If you are interested in the technical nitty-gritty, read on.
The house price data comes from the “Communities and Local Government” website (formerly known as the Office of Deputy Prime Minister.) It is “mix-adjusted”, which means that if one month a lot of big houses sell, and the next month a lot of small houses sell, the statistics take this into account and it doesn’t look like prices have gone because smaller houses sold better than bigger ones this month. (This is, as I understand it, particularly an issue in London where a lot of expensive house sales follow the city bonus cycle.)
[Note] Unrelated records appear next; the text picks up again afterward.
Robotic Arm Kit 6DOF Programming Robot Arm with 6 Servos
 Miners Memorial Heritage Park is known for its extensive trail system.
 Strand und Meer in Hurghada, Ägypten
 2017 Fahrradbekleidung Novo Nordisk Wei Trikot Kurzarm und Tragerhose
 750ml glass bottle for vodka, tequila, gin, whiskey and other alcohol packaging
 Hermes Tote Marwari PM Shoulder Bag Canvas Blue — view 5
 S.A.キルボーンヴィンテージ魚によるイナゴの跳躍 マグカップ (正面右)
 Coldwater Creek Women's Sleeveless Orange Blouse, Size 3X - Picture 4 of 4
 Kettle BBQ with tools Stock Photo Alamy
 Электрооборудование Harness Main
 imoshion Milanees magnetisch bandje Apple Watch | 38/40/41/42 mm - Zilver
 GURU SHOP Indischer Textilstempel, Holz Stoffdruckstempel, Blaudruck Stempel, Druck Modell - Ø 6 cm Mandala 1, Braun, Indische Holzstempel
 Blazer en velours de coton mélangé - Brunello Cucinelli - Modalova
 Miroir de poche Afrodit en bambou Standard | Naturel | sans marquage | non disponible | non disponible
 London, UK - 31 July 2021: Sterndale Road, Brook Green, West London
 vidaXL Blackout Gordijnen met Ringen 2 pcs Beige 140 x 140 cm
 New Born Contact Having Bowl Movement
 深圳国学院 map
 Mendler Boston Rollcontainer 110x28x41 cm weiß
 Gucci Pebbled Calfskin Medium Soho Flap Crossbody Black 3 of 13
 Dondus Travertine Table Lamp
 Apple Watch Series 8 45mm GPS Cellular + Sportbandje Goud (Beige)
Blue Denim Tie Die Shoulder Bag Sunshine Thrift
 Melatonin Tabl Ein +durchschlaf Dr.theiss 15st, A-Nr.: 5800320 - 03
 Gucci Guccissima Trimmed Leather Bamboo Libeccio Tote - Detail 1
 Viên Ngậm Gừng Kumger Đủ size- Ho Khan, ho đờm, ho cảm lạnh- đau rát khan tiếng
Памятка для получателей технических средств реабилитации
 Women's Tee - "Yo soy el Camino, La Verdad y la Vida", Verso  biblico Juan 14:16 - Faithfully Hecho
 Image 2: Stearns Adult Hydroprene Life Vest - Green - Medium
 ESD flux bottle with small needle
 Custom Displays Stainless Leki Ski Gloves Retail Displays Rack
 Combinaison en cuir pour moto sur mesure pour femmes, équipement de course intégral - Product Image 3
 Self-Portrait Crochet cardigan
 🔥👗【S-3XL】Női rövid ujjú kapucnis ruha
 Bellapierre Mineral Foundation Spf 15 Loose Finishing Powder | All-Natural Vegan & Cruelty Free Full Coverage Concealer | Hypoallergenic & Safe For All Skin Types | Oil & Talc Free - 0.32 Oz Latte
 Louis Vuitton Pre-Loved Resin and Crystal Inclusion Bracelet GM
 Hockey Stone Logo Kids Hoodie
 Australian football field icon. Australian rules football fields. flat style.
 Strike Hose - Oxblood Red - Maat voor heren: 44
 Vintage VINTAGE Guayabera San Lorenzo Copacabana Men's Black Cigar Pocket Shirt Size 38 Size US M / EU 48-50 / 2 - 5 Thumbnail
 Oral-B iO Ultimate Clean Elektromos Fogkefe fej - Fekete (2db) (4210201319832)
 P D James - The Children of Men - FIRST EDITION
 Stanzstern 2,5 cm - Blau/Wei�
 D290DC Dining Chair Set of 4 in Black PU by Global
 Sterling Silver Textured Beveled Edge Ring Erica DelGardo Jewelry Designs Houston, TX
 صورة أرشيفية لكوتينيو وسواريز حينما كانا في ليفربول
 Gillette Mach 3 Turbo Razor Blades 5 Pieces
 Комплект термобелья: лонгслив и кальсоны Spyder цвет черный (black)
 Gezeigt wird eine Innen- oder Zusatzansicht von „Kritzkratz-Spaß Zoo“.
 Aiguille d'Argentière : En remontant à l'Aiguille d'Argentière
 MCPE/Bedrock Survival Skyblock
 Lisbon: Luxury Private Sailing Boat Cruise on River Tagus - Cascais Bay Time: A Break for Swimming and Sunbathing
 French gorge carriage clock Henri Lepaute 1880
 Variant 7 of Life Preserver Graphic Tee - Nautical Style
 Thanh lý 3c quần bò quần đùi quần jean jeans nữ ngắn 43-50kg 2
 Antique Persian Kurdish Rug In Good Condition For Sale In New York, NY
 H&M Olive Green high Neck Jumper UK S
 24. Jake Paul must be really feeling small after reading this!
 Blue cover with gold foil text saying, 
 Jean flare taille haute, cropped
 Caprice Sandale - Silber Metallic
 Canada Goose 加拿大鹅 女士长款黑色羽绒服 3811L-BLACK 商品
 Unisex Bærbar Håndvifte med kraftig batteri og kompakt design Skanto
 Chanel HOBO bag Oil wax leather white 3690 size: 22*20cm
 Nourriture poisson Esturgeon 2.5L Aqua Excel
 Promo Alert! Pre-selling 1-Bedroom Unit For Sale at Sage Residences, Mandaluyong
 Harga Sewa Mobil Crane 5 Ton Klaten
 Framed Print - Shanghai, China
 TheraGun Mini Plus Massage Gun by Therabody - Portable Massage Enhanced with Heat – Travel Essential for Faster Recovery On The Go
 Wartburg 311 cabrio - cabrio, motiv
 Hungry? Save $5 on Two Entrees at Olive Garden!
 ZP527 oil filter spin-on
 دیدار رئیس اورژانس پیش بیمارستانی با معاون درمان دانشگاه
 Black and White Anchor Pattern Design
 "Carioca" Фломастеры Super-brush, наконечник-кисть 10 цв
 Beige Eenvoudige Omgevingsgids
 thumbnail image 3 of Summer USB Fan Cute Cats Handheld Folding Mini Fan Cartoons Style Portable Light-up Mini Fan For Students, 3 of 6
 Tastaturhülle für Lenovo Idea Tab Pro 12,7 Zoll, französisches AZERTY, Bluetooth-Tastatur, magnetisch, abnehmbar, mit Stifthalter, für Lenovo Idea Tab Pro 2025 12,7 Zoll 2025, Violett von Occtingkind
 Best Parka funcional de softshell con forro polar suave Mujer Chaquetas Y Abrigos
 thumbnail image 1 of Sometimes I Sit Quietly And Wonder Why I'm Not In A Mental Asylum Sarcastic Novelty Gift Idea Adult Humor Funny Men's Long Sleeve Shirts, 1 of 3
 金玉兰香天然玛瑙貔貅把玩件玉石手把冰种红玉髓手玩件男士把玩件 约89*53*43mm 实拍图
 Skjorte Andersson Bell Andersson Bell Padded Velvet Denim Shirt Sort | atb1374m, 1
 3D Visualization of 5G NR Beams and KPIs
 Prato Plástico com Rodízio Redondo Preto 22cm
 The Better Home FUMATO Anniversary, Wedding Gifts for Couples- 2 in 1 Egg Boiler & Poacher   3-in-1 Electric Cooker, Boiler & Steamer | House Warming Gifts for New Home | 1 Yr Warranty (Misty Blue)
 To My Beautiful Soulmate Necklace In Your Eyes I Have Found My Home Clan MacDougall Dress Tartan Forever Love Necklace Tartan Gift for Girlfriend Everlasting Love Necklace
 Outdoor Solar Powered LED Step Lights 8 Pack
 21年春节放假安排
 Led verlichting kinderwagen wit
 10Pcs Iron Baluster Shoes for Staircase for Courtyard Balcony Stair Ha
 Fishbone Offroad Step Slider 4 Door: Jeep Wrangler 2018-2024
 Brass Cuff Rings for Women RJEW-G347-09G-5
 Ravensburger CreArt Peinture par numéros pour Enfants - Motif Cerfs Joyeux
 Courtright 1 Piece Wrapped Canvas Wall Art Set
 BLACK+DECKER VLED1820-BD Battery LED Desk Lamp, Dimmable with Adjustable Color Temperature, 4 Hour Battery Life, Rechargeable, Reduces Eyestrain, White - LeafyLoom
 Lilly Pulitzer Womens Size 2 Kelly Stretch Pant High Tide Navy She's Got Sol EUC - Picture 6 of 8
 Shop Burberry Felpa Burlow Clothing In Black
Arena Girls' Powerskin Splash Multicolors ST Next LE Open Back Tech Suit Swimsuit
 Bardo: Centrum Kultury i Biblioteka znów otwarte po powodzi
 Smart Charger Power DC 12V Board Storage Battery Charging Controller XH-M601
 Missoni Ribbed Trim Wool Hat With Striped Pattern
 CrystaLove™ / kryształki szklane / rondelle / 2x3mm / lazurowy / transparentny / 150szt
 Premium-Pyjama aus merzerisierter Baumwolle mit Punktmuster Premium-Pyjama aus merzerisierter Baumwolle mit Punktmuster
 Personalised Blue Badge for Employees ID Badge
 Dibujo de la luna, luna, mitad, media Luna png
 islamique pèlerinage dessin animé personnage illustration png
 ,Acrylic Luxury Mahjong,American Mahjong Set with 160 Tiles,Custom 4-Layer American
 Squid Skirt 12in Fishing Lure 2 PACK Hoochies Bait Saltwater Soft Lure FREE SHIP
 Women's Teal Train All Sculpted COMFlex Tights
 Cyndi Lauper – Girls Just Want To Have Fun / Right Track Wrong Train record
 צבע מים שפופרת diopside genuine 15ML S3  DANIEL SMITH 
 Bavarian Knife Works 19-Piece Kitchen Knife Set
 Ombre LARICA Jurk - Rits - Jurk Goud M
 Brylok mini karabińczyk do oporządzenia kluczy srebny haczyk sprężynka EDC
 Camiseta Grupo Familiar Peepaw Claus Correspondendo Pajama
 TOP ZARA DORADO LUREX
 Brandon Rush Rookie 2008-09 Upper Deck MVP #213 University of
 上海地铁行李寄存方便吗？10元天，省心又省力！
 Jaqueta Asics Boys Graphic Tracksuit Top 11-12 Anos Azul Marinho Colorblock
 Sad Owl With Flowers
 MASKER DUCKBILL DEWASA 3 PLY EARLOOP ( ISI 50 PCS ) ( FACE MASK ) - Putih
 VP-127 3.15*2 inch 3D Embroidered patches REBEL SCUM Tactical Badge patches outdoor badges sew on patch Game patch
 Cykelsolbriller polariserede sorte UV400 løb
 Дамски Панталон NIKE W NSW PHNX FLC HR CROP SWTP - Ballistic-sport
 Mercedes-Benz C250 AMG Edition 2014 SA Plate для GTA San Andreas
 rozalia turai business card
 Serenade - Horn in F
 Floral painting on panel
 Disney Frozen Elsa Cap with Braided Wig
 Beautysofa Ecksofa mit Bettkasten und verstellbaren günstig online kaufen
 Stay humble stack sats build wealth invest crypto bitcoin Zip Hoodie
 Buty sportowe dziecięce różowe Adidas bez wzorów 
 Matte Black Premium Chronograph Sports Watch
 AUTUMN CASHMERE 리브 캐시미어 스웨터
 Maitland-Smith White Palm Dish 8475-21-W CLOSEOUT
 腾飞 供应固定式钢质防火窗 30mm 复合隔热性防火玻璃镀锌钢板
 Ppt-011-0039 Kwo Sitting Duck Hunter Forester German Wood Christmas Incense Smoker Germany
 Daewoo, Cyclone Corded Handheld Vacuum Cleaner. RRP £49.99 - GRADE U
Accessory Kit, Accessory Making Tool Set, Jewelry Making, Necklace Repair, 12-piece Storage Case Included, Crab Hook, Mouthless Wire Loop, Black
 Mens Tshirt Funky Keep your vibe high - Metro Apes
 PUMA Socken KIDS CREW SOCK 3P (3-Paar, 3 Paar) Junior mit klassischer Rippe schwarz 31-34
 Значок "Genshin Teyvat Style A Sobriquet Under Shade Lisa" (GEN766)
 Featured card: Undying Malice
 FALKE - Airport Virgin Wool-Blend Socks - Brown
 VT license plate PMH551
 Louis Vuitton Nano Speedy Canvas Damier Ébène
The average incomes are from the Office of National Statistics. They are “seasonally adjusted”, but as good a source as any (and better than most.) The slightly annoying thing is that the ONS have changed their website around a lot since 2004, and thus I couldn’t find the older figures. Hence I used the ones from 2004 – which introduced a small error, since I only had the figures on a PDF, and has lost the spreadsheet, it means that figures prior to 1990 are only correct to two decimal places.)
The interest rates are from the Bank of England website. I’ve picked the “quarter close” figures which, again, is a methodology I picked before I ran the graphs. In some years, there was no change, in others there were many wild changes throughout the year, and there is an argument that I should have picked an “average for quarter”. I don’t believe that the different would have been material though.
Right – from here on in it gets REALLY technical. But I’ve always argued that investors should understand economics, so here we go…
There have been some criticisms of this index over the last couple of years, not without merit. The biggest is that by measuring interest payments only, I’m not taking into account the total cost of repaying the mortgage. Obviously, when interest rates are at 14%, the proportion of the cost attributable to repayment rather than interest is low, compared when interest rates are at 3.5%
Hence, it has been argued that what I ought to do is come up with a “total cost of ownership” index, based on amortising the purchase price over 25 years and adding that to the interest. (This would be easy to do – it would basically mean adding 4 basis points to the interest rates). I have run that analysis, by the way, and the figures it comes up with look worse – suggesting prices are where they were in early-mid 1988.
The reason I am sticking by the “interest-only” index is a value-judgement. My thesis is that house prices are set at the margins, not at the averages – and thus properties will sell to the highest bidder looking to buy, not the average man in the street who happens not to be moving. Anecdotally (and this is where I wish I had figures), I am seeing many, many transactions being funded on an interest-only basis, not just from BTLers, but also from Owner-Occupiers. Unless there’s a structural change in the way that houses are typically bought, I don’t see this changing.
The problem, of course, is that this wasn’t the case in the mid-1980s, so we can’t use the either set of figures to really compare. What I believe I need is a set of statistics showing the proportions of transactions done interest-only, interest+repayment vehicle, (and cash-purchase), and to come up with some composite weighting that took into account the raw-interest figures and the interest+repayment figures in an appropriate weighting each quarter. Sadly, I don’t believe that this data-set exists (the growth of interest-only + endowment mortgages means I can’t use the repayment/interest-only statistics.)